Pero el Ayacuchano no es este visitante desprevenido y, así, en los últimos años han aparecido organizaciones de la sociedad civil dedicadas al reparo psicológico de las víctimas, su inclusión en la vida económica de la comunidad y el apoyo a los hijos de desaparecidos o asesinados. El objetivo primordial de estas entidades es hacer renacer la esperanza en una ciudad que ha sido históricamente azotada por múltiples violencias: insurgente, militar, económica y racial. Sin embargo, estos esfuerzos individuales no han sido acompañados por una actitud decidida por parte del gobierno central. Hace poco más de un año se vio la reticencia del gobierno de Alan García frente a la construcción del Museo de la Memoria aduciendo "la necesidad de satisfacer otras necesidades más importantes", y hoy todavía se escuchan las demandas de Ollanta Humala -candidato a la presidencia- de un incremento en la presencia del gobierno en la región y en territorios aledaños ante la posibilidad de nuevos brotes de insurgencia, algunos de ellos vestigios de Sendero Luminoso.

Aunque Fujimori, Montesinos y Guzmán hoy pagan sentencias por sus repetidas violaciones a los derechos humanos, múltiples organizaciones de familiares de asesinados y desaparecidos siguen clamando justicia. Muchos de sus miembros han envejecido o muerto sin alcanzar el objetivo que se trazaron hace más de veinte años: Verdad, Justicia y Reparación. El Estado continúa ignorando las demandas de las víctimas; continúa también la estigmatización de la población por supuestos nexos con terroristas y, en últimas, se mantiene hacia ella la actitud de exclusión y rechazo que ha sido característica por casi 200 años. Esta, mezclada con el fanatismo de una revolución sangrienta, escribió una de las páginas más trágicas en la historia peruana.
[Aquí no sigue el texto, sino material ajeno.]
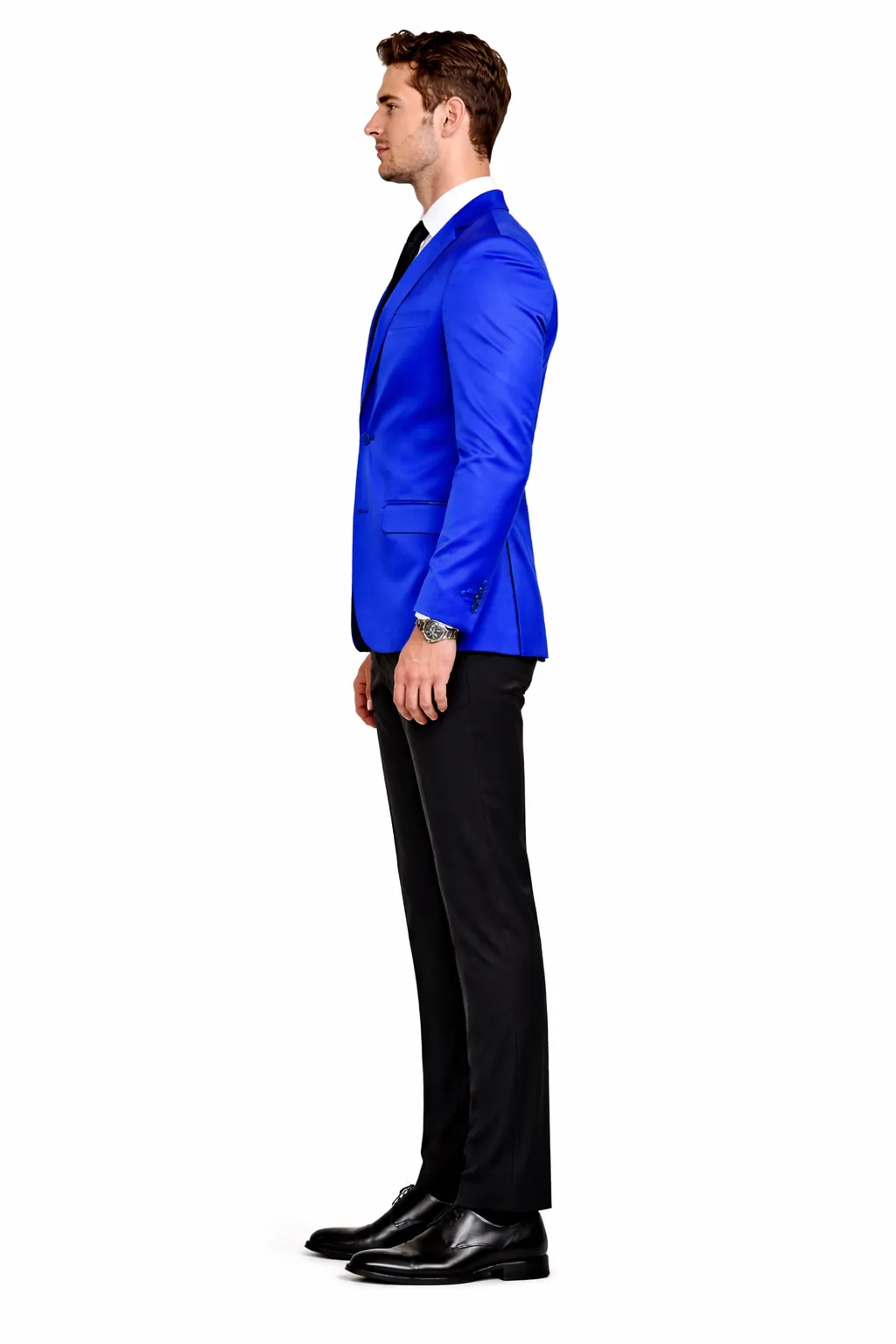 Men’s Slim Fit Blue Satin Blazer – Elegant Two-Button Formal Suit Jacket for Weddings, in blue Color sold by Alberto Nardoni product image thumbnail 3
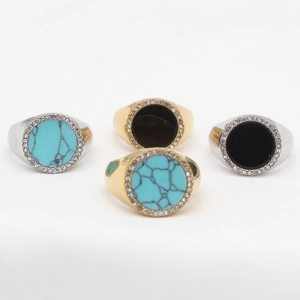Chunky round titanium steel rings set with turquoise and black stones with crystals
Para las familias afectadas por la violencia los ideales de Verdad, Justicia y Reparación significan la posibilidad de volver a vivir, de sentirse parte de una sociedad que nunca los ha tenido en cuenta. Desconocer sus demandas no sólo es darle la espalda a una población que lo perdió todo en medio de un conflicto del que no hacía parte, sino que es también olvidar las duras lecciones que ofrece la historia. Y el olvido de la historia, como es bien sabido, es el primer paso para repetirla.